4. Posted by Toby Ord | October 13, 2008 11:03 am
Thank you everyone for the comments.
Regarding maximization:
I’ve had a look at the SEP article, and they build up PH out of the idea that one is only motivated by pleasure minus pain and that one attempts to maximize it. Dropping this second part is an interesting approach, but I don’t see how it can succeed. Does it mean one can always deliberately choose a lesser pleasure? If so, it doesn’t seem to explain anything. If not, we have a form of maximization. Also, regarding Ben’s analogy, it is not quite like pleasure on the left and pleasure on the right, but more like pleasure in total and pleasure on the right, where one is a strict subpart of the other.
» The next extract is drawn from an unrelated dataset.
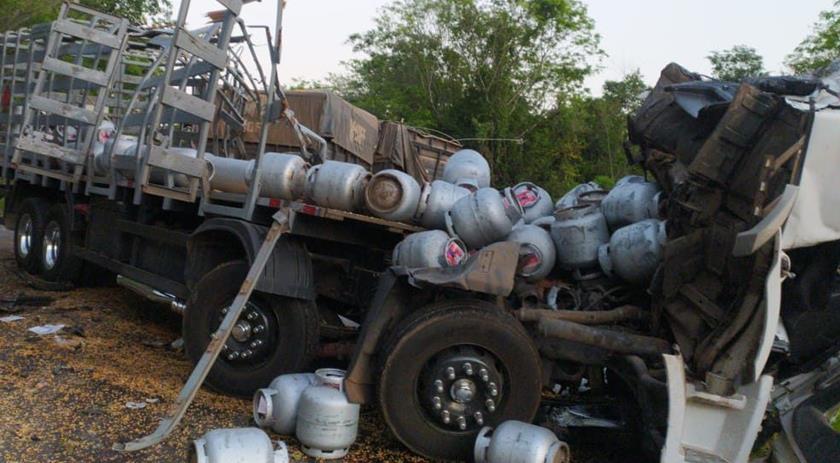 Motorista de caminhão carregado de gás morre em acidente na divisa de Chapecó com RS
Moreover, in this case people would be known to sacrifice total pleasure for pleasure on the right and sacrifice pleasure on the right for total pleasure. This would be in need of explanation.
Owen:
I don’t completely understand your comment, but if you are saying that PH partly explains our behaviour, it is probably more accurate to reword this to say that the fact that we are strongly motivated by pleasure and the avoidance of pain largely explains our behaviour. For PH itself goes further and claims that nothing else plays any role in motivation. This looks to be false, and false claims cannot explain our behaviour.
Finally, I’m happy to hear from Richard that this objection looks like it is known by those familiar with the literature (which I am not).
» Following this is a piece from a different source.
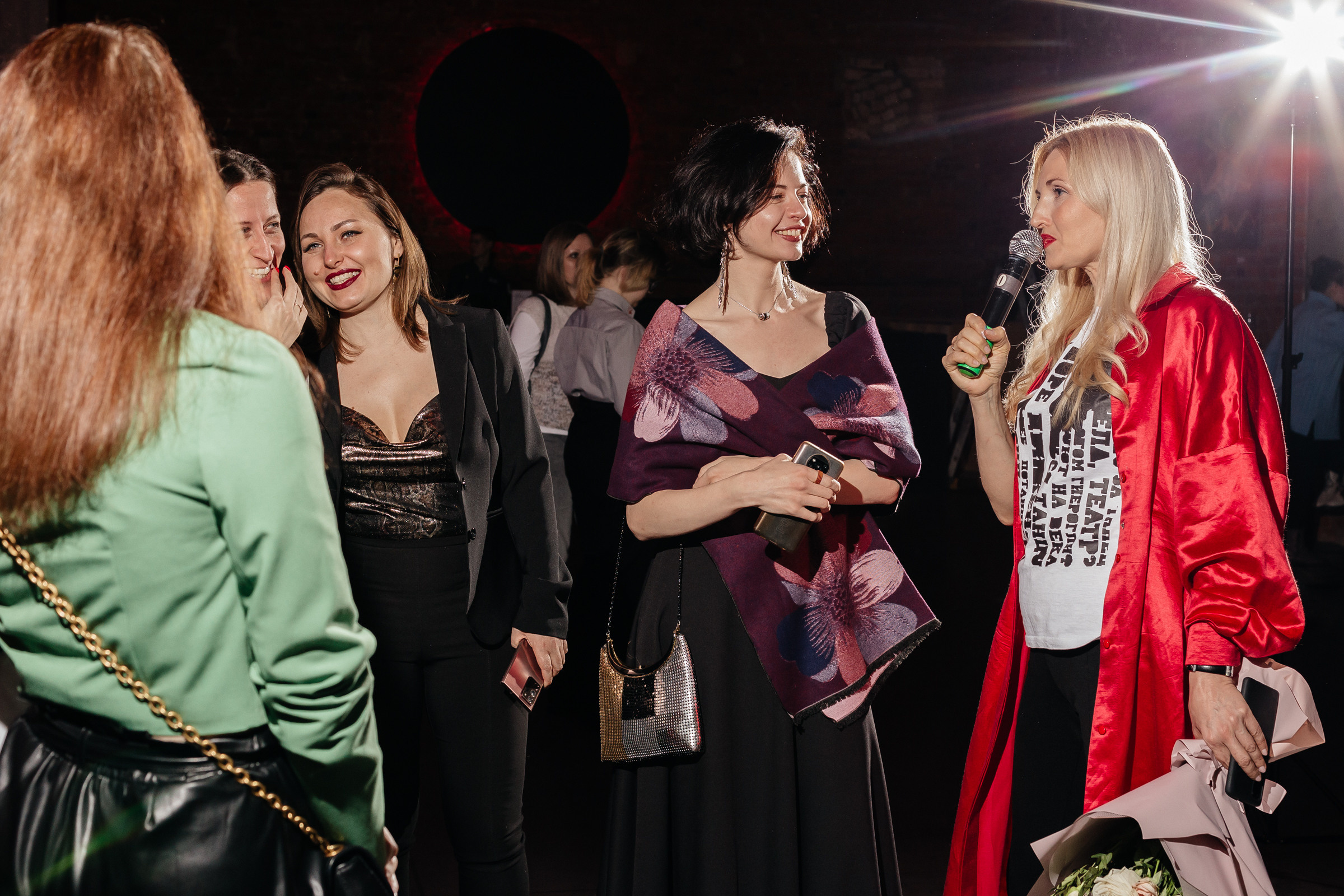 Репортажная съёмка. Свадебный фотограф в Иваново Гитарина Черняева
5. Posted by Toby Ord | October 13, 2008 3:00 pm
I’ve just been talking with Tom Douglas and Dom Wilkinson and we have come up with a fourth option for PH:
4) They can weaken their theory to say that a person is only motivated by considerations about their future pleasure and that they will only choose an option if it increases at least one of (a) their lifetime pleasure, (b) their immediate pleasure.
This is a weaker version of (1), since it allows both types to count, but doesn’t force them to combine in one particular way in all cases. It still loses some of the intuitive appeal of the theory and loses some predictive power (it doesn’t predict what people will choose when one option has more immediate pleasure and another has more lifetime pleasure), but seems more plausible than (1)-(3). It might be ‘weak enough to be true, and strong enough to be interesting’.
6. Posted by Aaron Boyden | October 31, 2008 6:21 pm
I think it’s important to distinguish the thesis that people are motivated by pleasure from the thesis that people are motivated by warm glows. It may be that psychological hedonists are not always clear on this distinction, but certainly it is not the case that pleasures are universally taken to be warm glows, by psychological hedonists or anyone else; there is no universal agreement on what pleasures are.
Some accounts of pleasure may make response 3 more plausible. Indeed, some may make psychological hedonism trivial. Perhaps Mill’s account of pleasure does this. Admittedly, it may be a strike against such accounts of pleasure that many don’t think psychological egoism is trivial, but that’s exactly what many of its defenders seem to think, and not all accounts of pleasure which seem in danger of making psychological hedonism trivial come from special pleading from defenders of psychological hedonism. For example, Siddhartha Gautama gives an account of pleasure in terms of satisfaction of desires rather than warm glows, and I’m pretty sure defending psychological hedonism wasn’t his motive.